Copyright Notice

This text is copyright by CMP Media, LLC, and is used with their permission. Further distribution or use is not permitted.

This text has appeared in an edited form in SysAdmin/PerformanceComputing/UnixReview magazine. However, the version you are reading here is as the author originally submitted the article for publication, not after their editors applied their creativity.

Please read all the information in the table of contents before using this article.
Download this listing!

Unix Review Column 56 (Jan 2005)

[suggested title: ``Checking your bookmarks'']

Like most people, I've bookmarked about a third of the known internet by now. Of course, sites go away, and URLs become invalid, so some of my lesser-used bookmarks are pointing off into 404-land.

Some browsers have an option to periodically revalidate bookmarks. My favorite browser lacks such a feature, but does include the ability to export an HTML file of all the bookmarks, and reimport a similar file in a way that can be easily merged back into my existing bookmark setup. So, I thought I'd take a whack at a Perl-based bookmark validator, especially one that worked in parallel so that I could get through my bookmark list fairly quickly. And the result is in [listing one, below].

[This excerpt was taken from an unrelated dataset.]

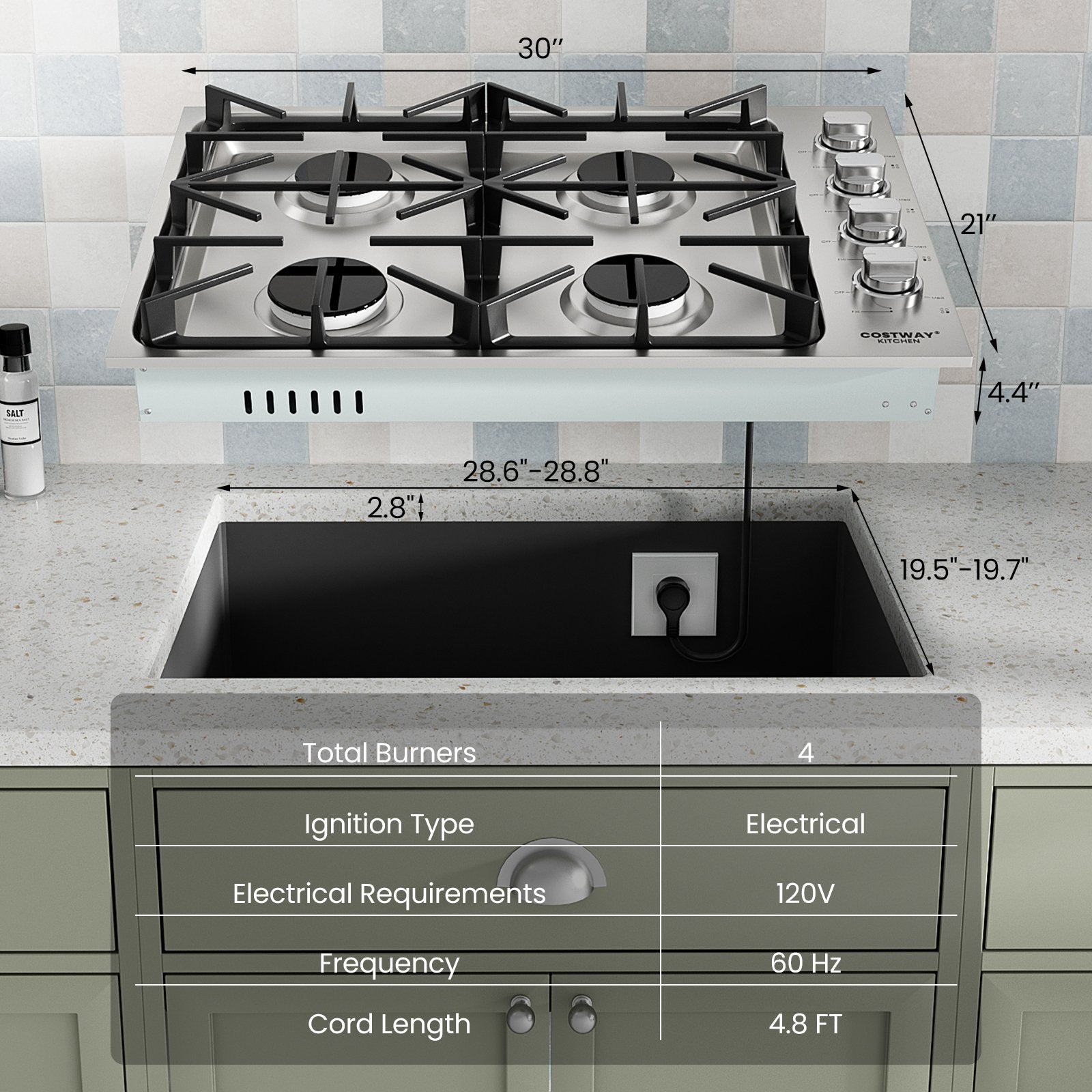 30/36 Inch Gas Cooktop with 4/6 Powerful Burners and ABS Knobs-30 inches, Silver Food Warmers & Burners   at Gallery Canada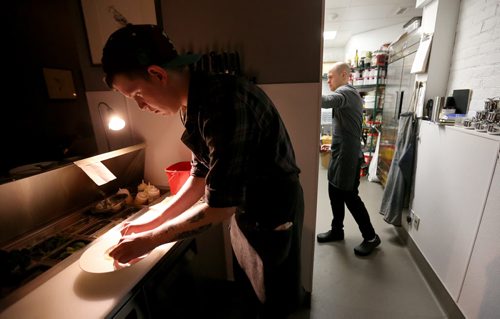 TREVOR HAGAN / WINNIPEG FREE PRESS Sous Chef, Matt Edmond, preparing Scallop Crudo with Truffled Chawanmushi at Maque, Friday, March 25, 2016. For Barley Kives review.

Lines 1 through 3 declare the program as a Perl program, and turn on the compiler restrictions and warnings as good programming practice.

Lines 5 through 7 pull in three modules that are found in the CPAN. The HTML::Parser module enables my program to cleanly parse HTML with all its intricacies. The LWP::Parallel::UserAgent module provides a means to fetch many web pages at once. And finally, HTTP::Request::Common sets up an HTTP::Request object so that I can fetch it with the user agent.

Lines 9 and 10 set up the user interface for this program. I can use the program as a filter:

  ./this_program <Bookmarks.html >NewBookmarks.html

or as an in-place editor:

  ./this_program Bookmarks.html

As an in-place editor, the Bookmarks.html file will be renamed to Bookmarks.html~ (with an appended tilde), and the new version will appear at the original name.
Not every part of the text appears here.